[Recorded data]
┄┄┄┄┄┄

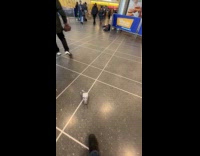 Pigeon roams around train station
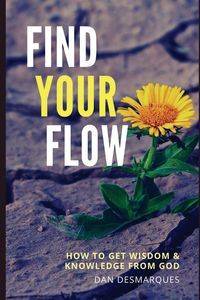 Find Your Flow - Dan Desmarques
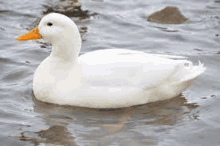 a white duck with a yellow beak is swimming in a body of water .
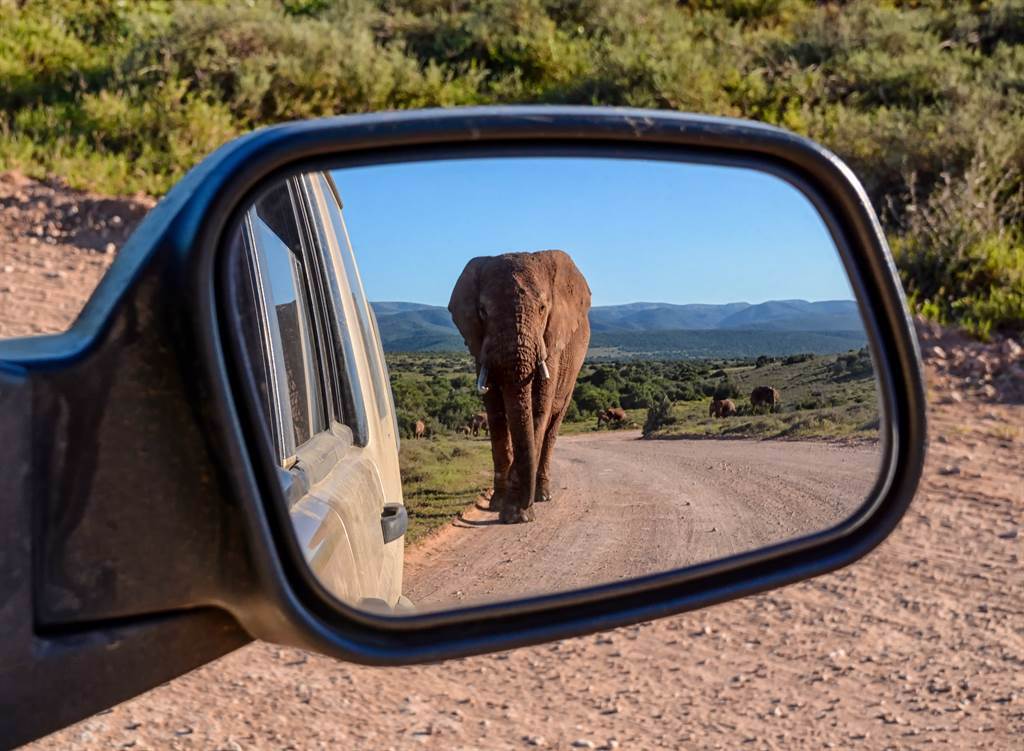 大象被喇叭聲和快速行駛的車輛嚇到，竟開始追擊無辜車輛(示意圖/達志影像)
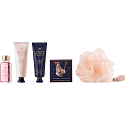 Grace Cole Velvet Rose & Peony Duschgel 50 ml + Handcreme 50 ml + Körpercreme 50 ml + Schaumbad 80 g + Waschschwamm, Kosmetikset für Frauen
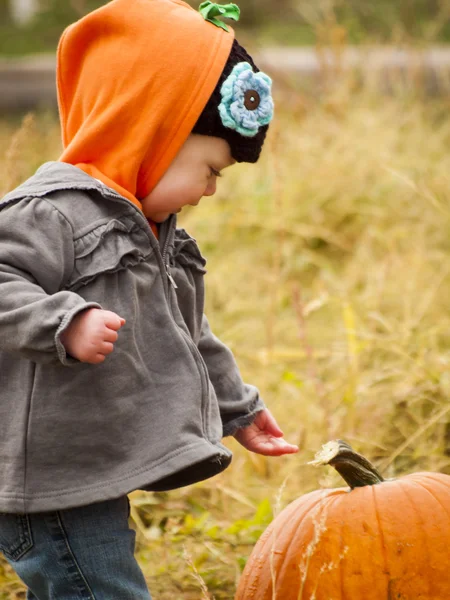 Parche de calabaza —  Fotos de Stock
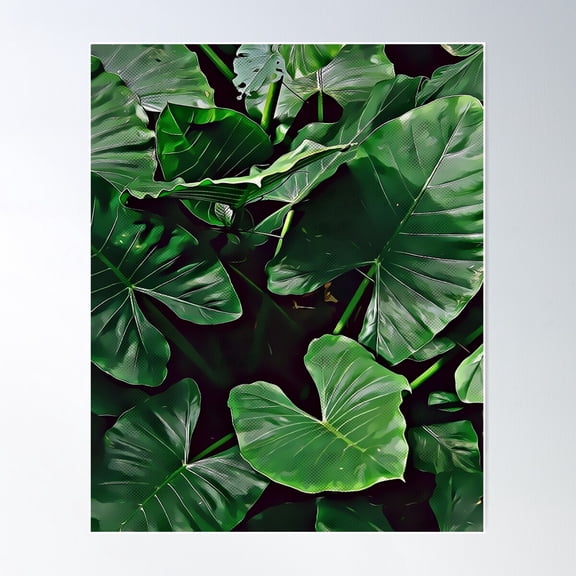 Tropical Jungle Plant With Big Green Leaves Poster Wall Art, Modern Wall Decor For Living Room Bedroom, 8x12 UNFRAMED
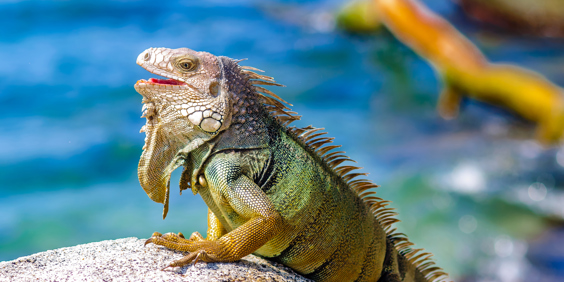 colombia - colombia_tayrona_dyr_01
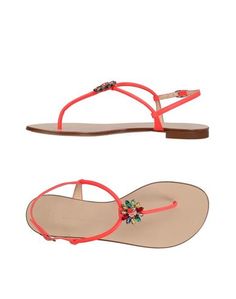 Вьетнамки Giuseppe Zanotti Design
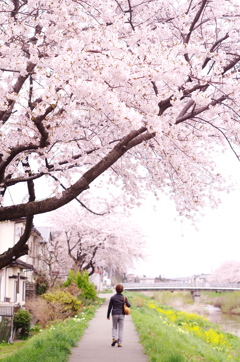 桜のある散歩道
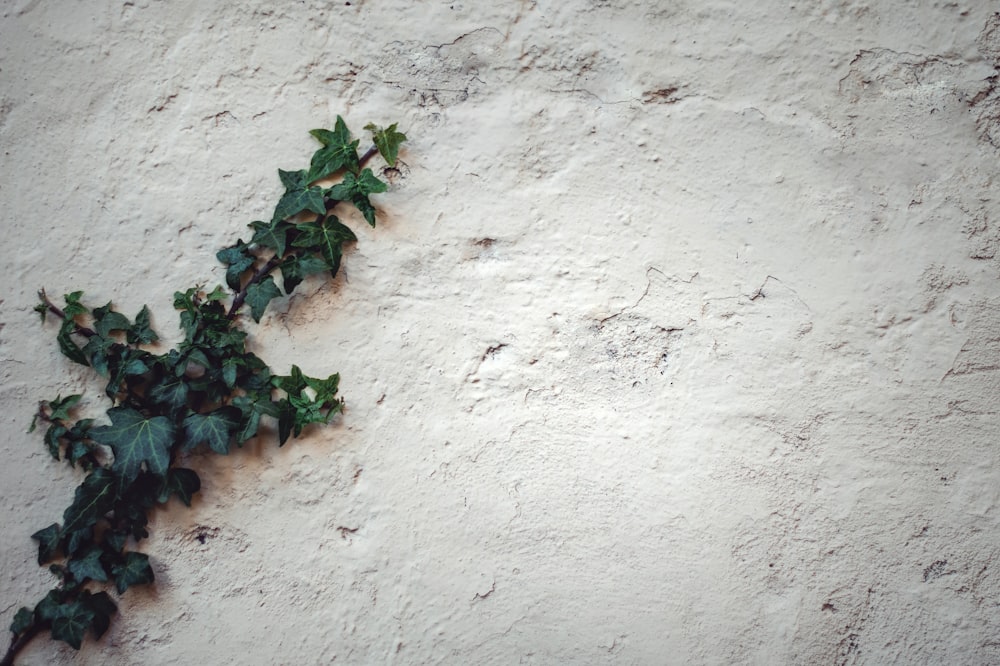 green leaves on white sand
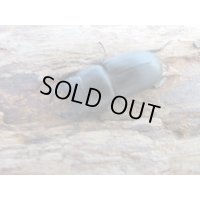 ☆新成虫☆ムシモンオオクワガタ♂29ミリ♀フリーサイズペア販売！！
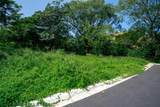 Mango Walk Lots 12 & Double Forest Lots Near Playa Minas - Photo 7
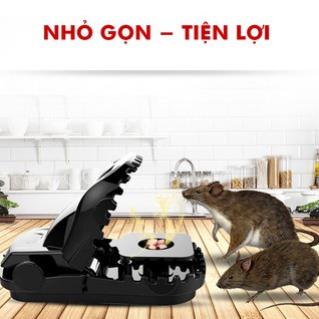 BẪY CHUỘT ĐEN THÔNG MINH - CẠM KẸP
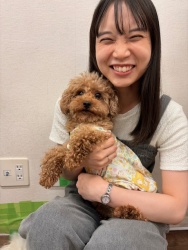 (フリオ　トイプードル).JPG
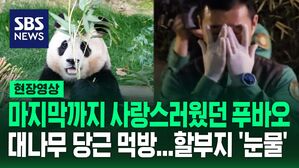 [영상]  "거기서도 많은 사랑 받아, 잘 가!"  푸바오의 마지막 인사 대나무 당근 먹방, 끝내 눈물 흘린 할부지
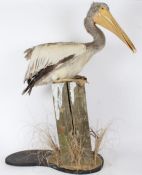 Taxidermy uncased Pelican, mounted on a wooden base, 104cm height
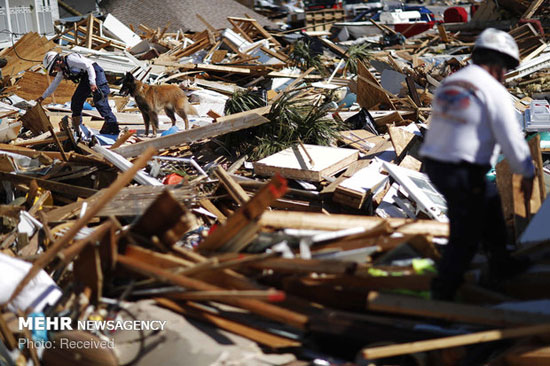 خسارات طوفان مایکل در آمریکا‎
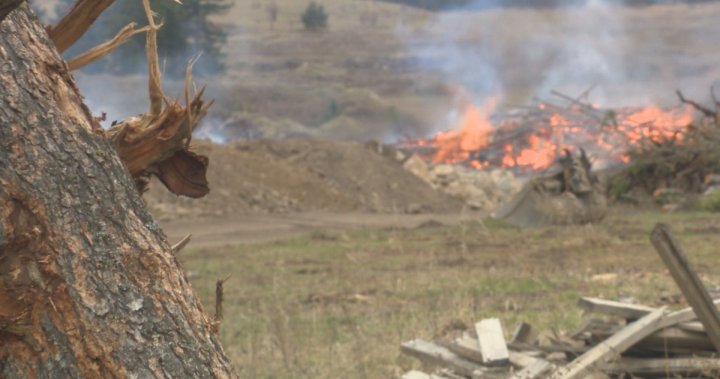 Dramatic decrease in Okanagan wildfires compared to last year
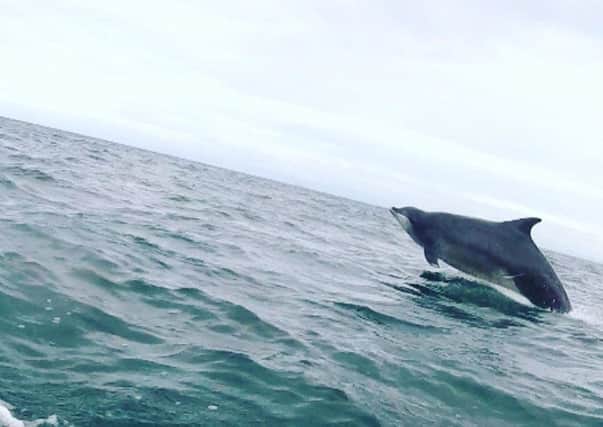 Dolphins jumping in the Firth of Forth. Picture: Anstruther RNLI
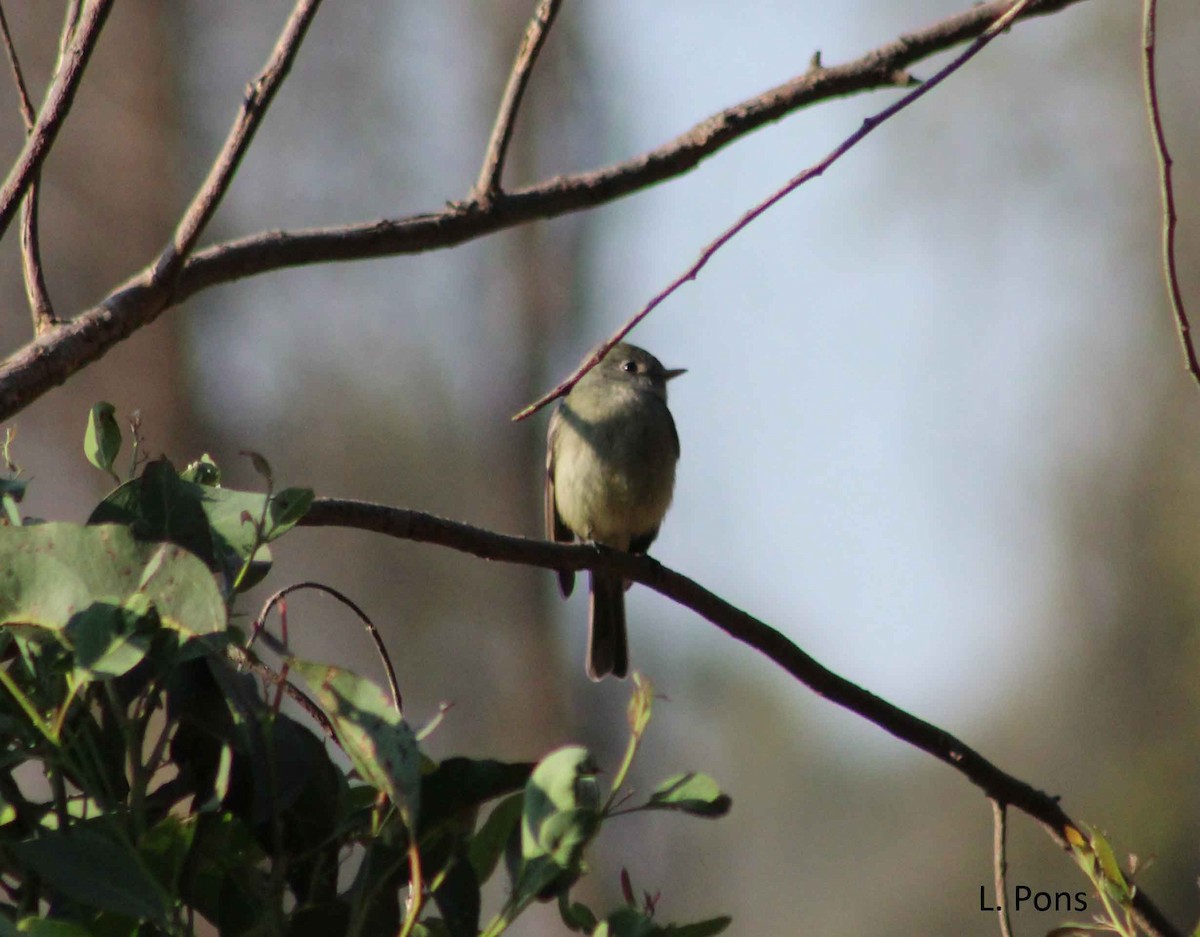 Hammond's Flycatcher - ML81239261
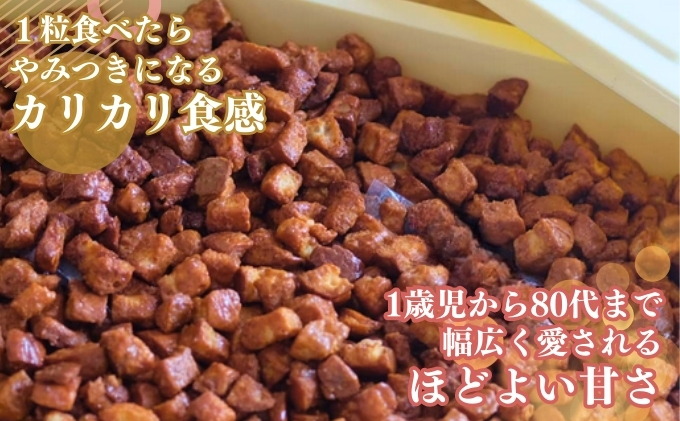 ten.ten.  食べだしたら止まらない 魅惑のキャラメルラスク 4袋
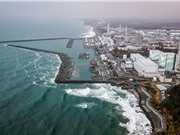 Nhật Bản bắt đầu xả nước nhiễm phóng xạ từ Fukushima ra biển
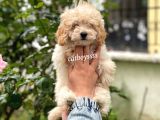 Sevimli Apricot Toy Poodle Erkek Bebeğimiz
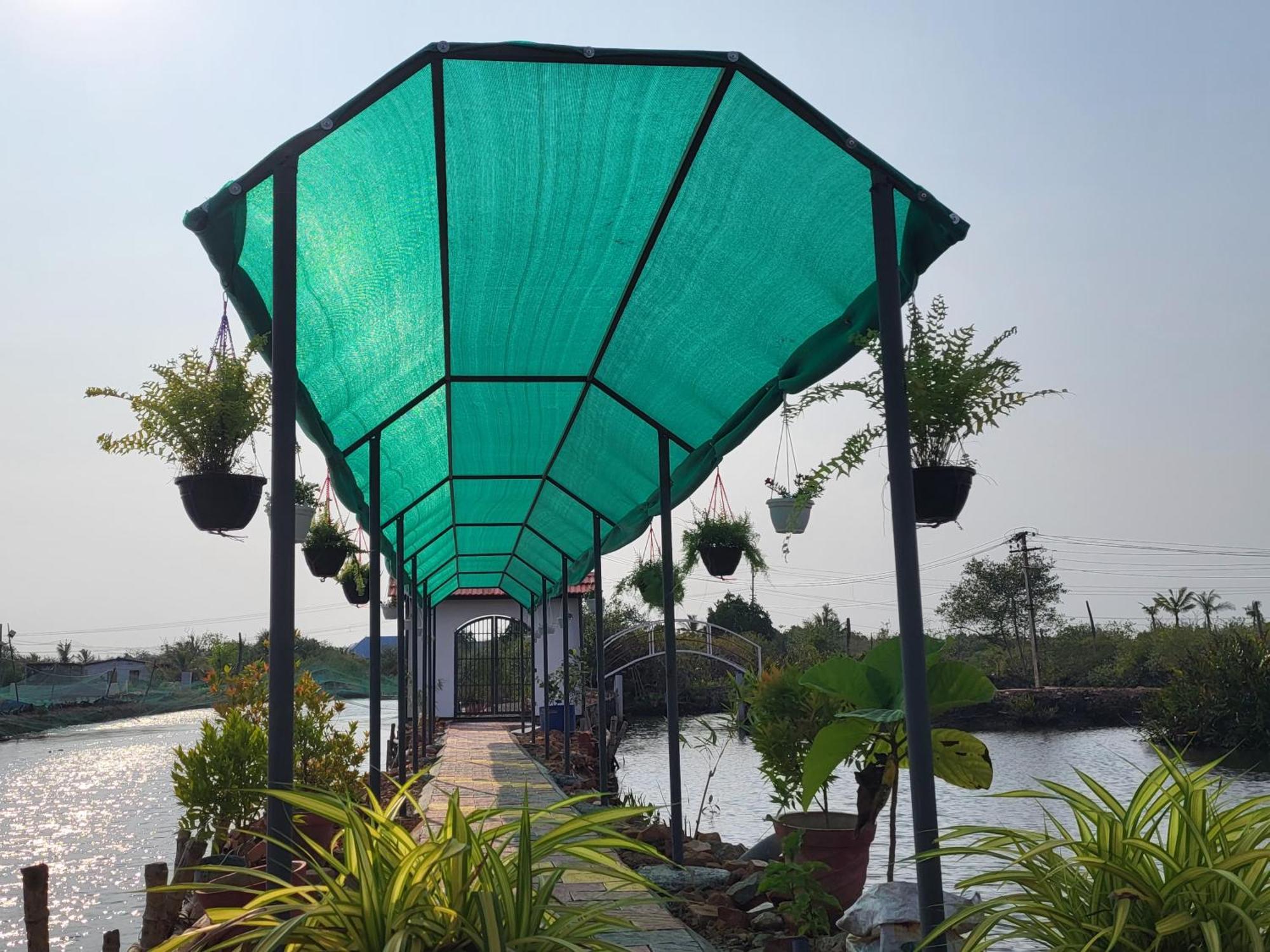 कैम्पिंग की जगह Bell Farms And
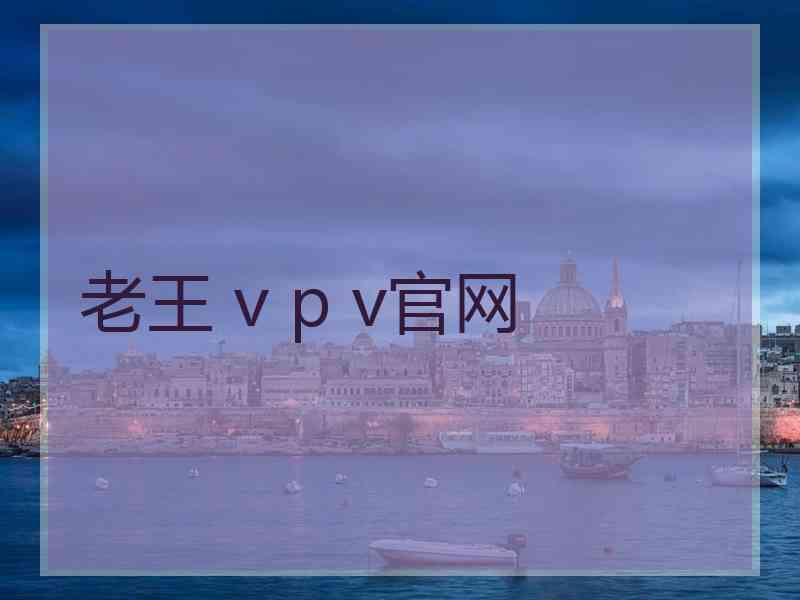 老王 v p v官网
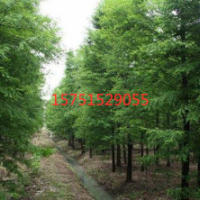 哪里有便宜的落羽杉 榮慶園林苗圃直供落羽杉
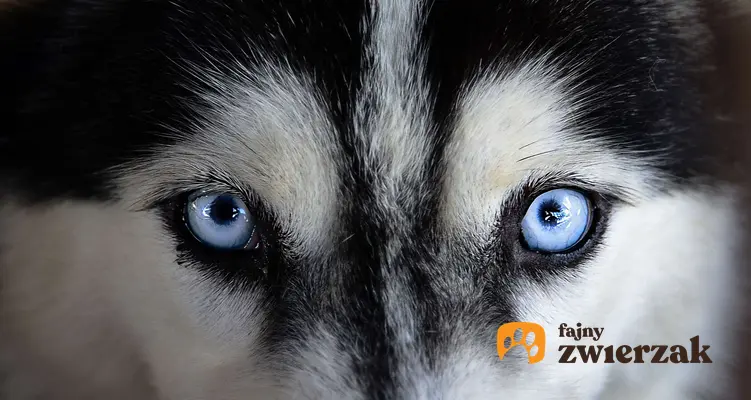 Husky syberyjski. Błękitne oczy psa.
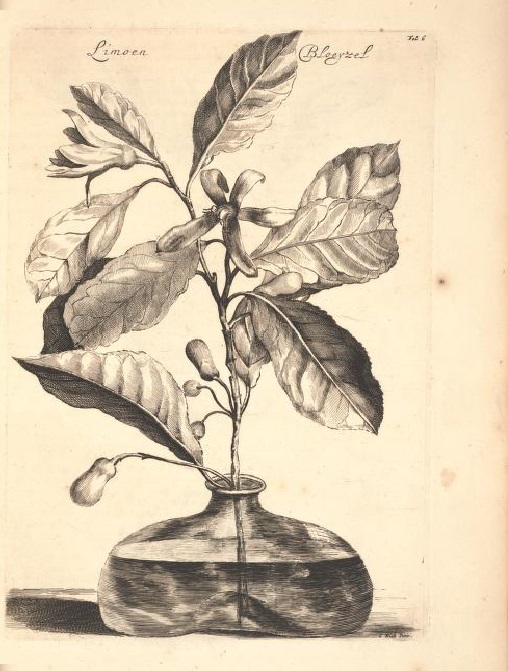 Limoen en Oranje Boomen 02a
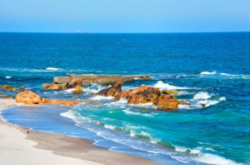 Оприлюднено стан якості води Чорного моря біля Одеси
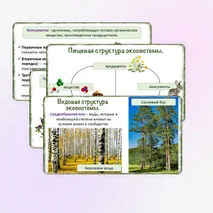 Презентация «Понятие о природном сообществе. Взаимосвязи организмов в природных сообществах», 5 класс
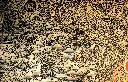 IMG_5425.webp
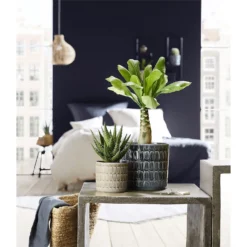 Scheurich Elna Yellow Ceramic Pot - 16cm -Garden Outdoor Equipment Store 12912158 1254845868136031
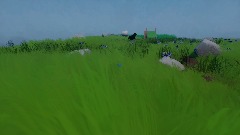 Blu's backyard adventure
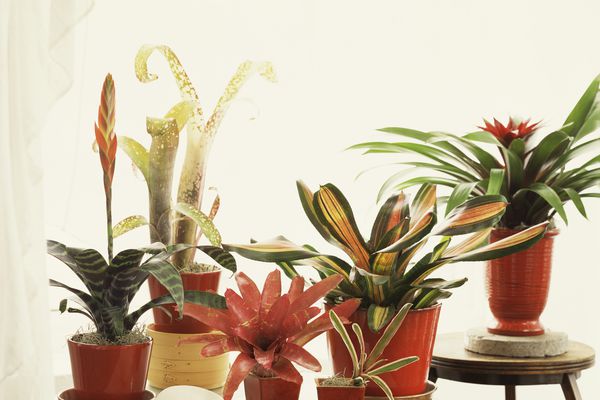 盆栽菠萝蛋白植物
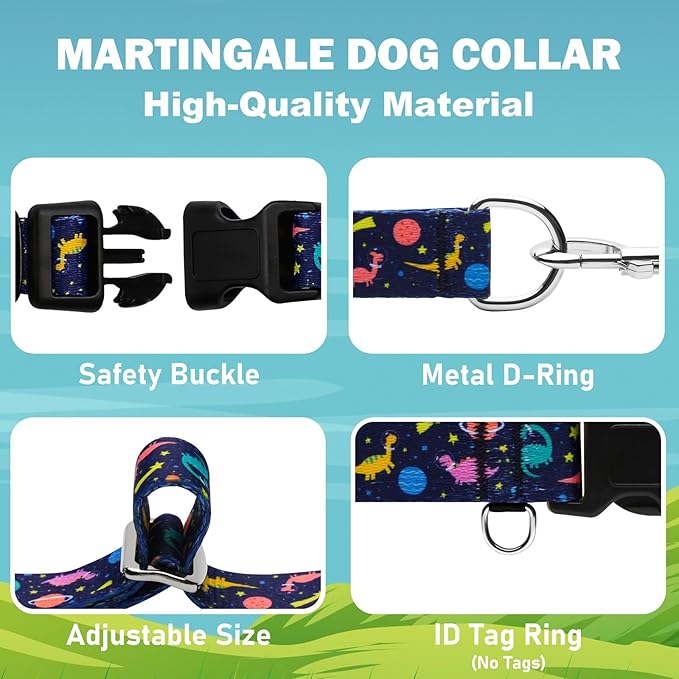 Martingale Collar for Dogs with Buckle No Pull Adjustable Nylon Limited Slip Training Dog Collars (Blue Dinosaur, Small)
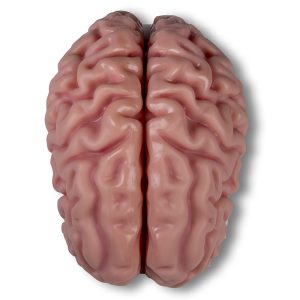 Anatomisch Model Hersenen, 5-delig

┄┄┄┄┄┄

◆ **Task prompt**
Output each entry exactly. Skip the pictures.

◆ **Output of the task**
 Pigeon roams around train station
 Find Your Flow - Dan Desmarques
 a white duck with a yellow beak is swimming in a body of water .
 大象被喇叭聲和快速行駛的車輛嚇到，竟開始追擊無辜車輛(示意圖/達志影像)
 Grace Cole Velvet Rose & Peony Duschgel 50 ml + Handcreme 50 ml + Körpercreme 50 ml + Schaumbad 80 g + Waschschwamm, Kosmetikset für Frauen
 Parche de calabaza —  Fotos de Stock
 Tropical Jungle Plant With Big Green Leaves Poster Wall Art, Modern Wall Decor For Living Room Bedroom, 8x12 UNFRAMED
 colombia - colombia_tayrona_dyr_01
 Вьетнамки Giuseppe Zanotti Design
 桜のある散歩道
 green leaves on white sand
 ☆新成虫☆ムシモンオオクワガタ♂29ミリ♀フリーサイズペア販売！！
 Mango Walk Lots 12 & Double Forest Lots Near Playa Minas - Photo 7
 BẪY CHUỘT ĐEN THÔNG MINH - CẠM KẸP
 (フリオ　トイプードル).JPG
 [영상]  "거기서도 많은 사랑 받아, 잘 가!"  푸바오의 마지막 인사 대나무 당근 먹방, 끝내 눈물 흘린 할부지
 Taxidermy uncased Pelican, mounted on a wooden base, 104cm height
 خسارات طوفان مایکل در آمریکا‎
 Dramatic decrease in Okanagan wildfires compared to last year
 Dolphins jumping in the Firth of Forth. Picture: Anstruther RNLI
 Hammond's Flycatcher - ML81239261
 ten.ten.  食べだしたら止まらない 魅惑のキャラメルラスク 4袋
 Nhật Bản bắt đầu xả nước nhiễm phóng xạ từ Fukushima ra biển
 Sevimli Apricot Toy Poodle Erkek Bebeğimiz
 कैम्पिंग की जगह Bell Farms And
 老王 v p v官网
 哪里有便宜的落羽杉 榮慶園林苗圃直供落羽杉
 Husky syberyjski. Błękitne oczy psa.
 Limoen en Oranje Boomen 02a
 Оприлюднено стан якості води Чорного моря біля Одеси
 Презентация «Понятие о природном сообществе. Взаимосвязи организмов в природных сообществах», 5 класс
 IMG_5425.webp
 Scheurich Elna Yellow Ceramic Pot - 16cm -Garden Outdoor Equipment Store 12912158 1254845868136031
 Blu's backyard adventure
 盆栽菠萝蛋白植物
 Martingale Collar for Dogs with Buckle No Pull Adjustable Nylon Limited Slip Training Dog Collars (Blue Dinosaur, Small)
 Anatomisch Model Hersenen, 5-delig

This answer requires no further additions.